SANTA ROSA -- The county of Sonoma today asked a judge in Oakland for an immediate block to actions federal home lending agencies have taken against energy-retrofit financing programs in 22 states, including the ground-breaking  Sonoma County Energy Independence Program, as a lawsuit filed by several jurisdictions with similar programs works its way through the courts.

"We continue to work to defend SCEIP and related PACE programs," said county spokesman Jim Leddy.

The county asked federal district court judge Claudia Walken in Oakland for the earliest available hearing date, which could be Nov. 18, to consider issuing a preliminary injunction against the Federal Housing Finance Administration and Fannie Mae and Freddie Mac.
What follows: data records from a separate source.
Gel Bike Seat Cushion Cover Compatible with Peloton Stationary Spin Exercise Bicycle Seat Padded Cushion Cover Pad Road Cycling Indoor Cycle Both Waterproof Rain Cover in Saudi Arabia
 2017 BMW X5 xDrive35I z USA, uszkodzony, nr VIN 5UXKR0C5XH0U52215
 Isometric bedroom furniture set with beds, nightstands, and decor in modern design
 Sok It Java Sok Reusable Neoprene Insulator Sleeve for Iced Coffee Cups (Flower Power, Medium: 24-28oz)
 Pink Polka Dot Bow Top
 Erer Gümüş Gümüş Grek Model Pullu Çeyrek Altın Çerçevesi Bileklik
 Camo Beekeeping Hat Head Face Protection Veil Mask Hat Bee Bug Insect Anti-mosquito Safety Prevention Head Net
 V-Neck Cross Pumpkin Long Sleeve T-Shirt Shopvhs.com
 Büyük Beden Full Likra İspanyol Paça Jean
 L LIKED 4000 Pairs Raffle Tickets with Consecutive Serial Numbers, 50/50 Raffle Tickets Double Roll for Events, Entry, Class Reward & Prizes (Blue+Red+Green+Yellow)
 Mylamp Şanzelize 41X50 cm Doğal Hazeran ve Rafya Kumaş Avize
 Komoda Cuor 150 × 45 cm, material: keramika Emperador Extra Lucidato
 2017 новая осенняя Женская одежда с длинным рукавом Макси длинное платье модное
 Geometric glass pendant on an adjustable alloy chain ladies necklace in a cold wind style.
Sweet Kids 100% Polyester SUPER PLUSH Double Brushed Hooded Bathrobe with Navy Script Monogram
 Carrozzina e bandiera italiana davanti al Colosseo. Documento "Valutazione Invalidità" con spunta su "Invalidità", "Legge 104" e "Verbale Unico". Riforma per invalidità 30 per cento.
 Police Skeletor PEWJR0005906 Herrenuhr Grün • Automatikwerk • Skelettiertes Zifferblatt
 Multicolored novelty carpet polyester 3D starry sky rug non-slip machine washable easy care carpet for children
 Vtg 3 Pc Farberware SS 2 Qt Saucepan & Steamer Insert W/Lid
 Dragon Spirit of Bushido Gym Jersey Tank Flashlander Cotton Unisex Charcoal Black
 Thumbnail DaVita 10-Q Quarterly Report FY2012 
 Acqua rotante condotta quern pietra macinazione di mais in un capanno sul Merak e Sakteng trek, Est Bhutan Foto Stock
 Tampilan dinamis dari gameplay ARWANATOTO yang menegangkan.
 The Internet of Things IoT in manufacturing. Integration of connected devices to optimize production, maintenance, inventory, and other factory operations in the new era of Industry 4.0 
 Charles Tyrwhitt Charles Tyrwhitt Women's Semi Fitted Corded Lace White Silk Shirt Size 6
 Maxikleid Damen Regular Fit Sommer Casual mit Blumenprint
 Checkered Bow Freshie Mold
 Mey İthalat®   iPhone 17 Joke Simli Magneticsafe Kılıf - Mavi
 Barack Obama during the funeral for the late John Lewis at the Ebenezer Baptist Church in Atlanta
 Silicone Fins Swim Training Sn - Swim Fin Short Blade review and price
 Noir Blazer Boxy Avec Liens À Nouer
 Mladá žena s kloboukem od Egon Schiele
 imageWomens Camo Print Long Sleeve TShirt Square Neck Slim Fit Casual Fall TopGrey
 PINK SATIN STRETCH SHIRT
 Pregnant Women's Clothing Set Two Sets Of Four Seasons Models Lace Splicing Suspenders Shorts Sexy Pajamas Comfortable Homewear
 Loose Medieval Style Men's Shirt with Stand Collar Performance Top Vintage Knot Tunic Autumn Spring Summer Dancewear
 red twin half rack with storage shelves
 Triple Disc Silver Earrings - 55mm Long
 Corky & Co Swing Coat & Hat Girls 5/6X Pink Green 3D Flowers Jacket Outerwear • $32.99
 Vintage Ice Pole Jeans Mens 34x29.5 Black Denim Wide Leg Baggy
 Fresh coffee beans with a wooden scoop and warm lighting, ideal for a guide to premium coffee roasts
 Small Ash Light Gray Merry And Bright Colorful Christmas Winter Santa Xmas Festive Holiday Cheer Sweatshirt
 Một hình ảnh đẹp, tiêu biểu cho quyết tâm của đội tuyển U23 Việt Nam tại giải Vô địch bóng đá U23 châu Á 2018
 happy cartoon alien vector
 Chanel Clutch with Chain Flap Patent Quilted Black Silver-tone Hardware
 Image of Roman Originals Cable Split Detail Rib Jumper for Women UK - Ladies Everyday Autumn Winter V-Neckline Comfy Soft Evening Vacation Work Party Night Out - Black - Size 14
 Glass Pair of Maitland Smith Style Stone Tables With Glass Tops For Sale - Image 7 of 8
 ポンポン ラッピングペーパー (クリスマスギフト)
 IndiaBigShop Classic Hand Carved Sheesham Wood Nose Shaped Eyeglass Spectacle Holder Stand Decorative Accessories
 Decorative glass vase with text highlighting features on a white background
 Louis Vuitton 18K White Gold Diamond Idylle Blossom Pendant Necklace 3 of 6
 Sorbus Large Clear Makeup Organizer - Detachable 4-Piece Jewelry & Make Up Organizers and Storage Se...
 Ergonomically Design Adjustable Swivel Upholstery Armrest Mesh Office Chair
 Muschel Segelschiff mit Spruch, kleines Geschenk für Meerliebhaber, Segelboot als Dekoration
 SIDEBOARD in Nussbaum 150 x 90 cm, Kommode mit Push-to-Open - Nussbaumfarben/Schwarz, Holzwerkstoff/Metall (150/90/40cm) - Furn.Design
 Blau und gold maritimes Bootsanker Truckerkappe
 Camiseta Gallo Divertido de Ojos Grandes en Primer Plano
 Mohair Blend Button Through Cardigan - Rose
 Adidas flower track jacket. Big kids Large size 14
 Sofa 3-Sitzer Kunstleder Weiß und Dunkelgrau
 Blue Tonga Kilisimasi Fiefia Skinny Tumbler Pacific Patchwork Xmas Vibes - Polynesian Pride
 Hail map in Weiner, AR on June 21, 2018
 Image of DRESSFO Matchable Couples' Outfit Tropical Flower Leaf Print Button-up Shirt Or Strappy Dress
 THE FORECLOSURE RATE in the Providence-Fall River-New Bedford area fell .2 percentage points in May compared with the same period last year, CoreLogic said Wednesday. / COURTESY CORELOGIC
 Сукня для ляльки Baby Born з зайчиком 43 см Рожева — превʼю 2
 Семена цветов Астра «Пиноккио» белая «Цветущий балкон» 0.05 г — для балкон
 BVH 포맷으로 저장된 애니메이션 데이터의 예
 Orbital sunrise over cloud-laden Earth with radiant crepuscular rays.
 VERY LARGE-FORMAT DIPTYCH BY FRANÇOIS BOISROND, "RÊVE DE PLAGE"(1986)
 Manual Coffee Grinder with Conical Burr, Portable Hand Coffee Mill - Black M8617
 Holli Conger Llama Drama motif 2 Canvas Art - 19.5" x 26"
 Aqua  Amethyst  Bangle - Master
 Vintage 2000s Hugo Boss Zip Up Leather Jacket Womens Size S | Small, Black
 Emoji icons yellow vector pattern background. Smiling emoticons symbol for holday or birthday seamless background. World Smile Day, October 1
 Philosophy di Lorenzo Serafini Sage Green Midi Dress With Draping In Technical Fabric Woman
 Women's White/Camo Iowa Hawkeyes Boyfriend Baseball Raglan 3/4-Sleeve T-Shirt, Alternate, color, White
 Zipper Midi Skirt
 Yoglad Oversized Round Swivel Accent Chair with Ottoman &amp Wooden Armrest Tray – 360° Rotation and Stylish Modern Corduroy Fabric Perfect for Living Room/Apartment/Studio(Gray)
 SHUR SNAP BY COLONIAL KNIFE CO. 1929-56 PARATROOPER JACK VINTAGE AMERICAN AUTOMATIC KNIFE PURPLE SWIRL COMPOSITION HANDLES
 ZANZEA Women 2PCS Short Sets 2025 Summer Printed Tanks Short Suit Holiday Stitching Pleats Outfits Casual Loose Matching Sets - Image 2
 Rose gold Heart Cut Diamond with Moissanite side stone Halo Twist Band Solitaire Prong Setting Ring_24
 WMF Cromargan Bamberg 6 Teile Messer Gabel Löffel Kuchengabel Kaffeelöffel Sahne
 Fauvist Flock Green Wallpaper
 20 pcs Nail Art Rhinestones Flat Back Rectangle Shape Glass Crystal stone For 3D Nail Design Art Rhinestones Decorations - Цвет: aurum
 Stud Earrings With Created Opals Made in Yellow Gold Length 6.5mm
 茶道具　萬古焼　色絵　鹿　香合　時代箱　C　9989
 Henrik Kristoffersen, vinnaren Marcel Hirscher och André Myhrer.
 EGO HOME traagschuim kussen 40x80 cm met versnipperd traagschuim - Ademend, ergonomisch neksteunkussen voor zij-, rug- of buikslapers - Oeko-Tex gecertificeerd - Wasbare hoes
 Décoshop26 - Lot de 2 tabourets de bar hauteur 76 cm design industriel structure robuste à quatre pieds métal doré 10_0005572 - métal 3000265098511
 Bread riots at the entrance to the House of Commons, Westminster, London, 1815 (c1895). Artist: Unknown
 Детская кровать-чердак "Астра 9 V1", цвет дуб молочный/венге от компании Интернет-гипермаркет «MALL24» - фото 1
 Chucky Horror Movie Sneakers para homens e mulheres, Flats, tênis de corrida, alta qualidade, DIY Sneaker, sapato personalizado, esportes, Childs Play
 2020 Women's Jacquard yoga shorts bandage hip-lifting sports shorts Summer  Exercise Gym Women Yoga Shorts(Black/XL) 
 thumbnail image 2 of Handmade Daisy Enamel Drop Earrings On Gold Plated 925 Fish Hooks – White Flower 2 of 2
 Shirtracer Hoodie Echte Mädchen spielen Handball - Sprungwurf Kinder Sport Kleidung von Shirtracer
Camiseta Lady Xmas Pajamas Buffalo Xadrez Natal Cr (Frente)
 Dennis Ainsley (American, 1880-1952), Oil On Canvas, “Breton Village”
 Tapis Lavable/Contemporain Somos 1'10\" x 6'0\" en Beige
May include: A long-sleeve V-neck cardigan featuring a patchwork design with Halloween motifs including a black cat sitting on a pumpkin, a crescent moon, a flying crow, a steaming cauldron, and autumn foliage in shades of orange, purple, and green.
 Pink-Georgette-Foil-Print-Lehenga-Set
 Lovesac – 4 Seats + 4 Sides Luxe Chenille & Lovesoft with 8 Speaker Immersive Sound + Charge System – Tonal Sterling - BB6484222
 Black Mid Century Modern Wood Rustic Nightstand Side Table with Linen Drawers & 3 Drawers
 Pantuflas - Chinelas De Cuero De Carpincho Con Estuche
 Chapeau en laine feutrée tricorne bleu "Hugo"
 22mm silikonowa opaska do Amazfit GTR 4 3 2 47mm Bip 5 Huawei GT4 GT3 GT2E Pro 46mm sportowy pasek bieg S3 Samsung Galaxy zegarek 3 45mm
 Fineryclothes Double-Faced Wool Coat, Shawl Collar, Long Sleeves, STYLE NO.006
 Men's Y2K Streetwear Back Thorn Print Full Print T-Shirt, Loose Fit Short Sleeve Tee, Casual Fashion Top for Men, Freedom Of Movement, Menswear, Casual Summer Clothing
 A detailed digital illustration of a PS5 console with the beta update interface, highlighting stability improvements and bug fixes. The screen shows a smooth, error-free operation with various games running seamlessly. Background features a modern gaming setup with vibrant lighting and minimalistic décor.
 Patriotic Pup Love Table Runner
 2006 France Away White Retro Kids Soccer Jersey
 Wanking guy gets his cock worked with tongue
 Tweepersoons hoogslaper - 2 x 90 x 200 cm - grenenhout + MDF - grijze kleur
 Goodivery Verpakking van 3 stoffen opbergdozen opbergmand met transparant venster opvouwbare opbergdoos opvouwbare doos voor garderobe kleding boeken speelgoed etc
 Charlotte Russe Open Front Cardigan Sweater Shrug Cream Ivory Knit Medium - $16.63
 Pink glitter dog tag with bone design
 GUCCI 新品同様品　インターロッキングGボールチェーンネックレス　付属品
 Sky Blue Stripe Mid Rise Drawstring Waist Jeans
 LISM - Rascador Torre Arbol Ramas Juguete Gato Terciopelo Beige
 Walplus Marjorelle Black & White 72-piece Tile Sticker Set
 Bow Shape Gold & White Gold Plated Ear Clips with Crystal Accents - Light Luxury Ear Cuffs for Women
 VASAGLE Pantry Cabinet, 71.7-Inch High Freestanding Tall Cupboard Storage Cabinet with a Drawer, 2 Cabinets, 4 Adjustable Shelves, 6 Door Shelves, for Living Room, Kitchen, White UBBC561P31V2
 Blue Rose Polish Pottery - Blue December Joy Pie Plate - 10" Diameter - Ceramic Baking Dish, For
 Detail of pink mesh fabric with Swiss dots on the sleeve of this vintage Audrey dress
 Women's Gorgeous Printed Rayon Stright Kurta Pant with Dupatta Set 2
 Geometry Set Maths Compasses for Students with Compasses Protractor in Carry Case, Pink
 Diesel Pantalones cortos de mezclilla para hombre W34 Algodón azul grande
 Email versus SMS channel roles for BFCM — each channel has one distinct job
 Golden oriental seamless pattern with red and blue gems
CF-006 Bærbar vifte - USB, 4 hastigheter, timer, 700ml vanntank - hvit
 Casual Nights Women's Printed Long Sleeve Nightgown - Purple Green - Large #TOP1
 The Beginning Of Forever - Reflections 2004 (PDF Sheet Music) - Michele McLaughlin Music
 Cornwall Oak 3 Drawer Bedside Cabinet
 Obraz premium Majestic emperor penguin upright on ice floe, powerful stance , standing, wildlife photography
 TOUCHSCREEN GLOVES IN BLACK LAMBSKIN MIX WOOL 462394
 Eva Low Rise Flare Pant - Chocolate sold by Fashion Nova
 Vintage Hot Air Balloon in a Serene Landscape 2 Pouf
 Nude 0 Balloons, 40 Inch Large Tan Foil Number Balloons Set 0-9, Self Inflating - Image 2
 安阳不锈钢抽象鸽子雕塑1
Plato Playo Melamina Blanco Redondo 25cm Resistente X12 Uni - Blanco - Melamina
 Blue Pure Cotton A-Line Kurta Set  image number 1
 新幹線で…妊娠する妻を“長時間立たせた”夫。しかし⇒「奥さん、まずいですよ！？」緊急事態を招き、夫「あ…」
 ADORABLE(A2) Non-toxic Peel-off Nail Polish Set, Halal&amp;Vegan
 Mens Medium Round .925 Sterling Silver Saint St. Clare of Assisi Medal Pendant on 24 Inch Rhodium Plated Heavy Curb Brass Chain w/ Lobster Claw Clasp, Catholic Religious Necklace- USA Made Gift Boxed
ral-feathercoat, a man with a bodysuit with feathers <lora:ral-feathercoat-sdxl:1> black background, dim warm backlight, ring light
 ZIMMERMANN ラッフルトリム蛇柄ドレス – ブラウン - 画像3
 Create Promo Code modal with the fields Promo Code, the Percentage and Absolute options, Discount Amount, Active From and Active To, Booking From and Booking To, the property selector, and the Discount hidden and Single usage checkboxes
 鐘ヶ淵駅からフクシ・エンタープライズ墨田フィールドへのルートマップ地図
The county wants them to back off from the administration's May and July policy moves that would bar Fannie and Freddie from backing loans with SCEIP or property-assessed clean energy, or PACE, liens.

Those policies include treating the PACE and SCEIP assessments as loans with with liens senior to institutional lenders as well as requiring all homeowners in Sonoma County and other locales with PACE financing to have higher requirements for loan underwriting such as higher loan-to-value ratios.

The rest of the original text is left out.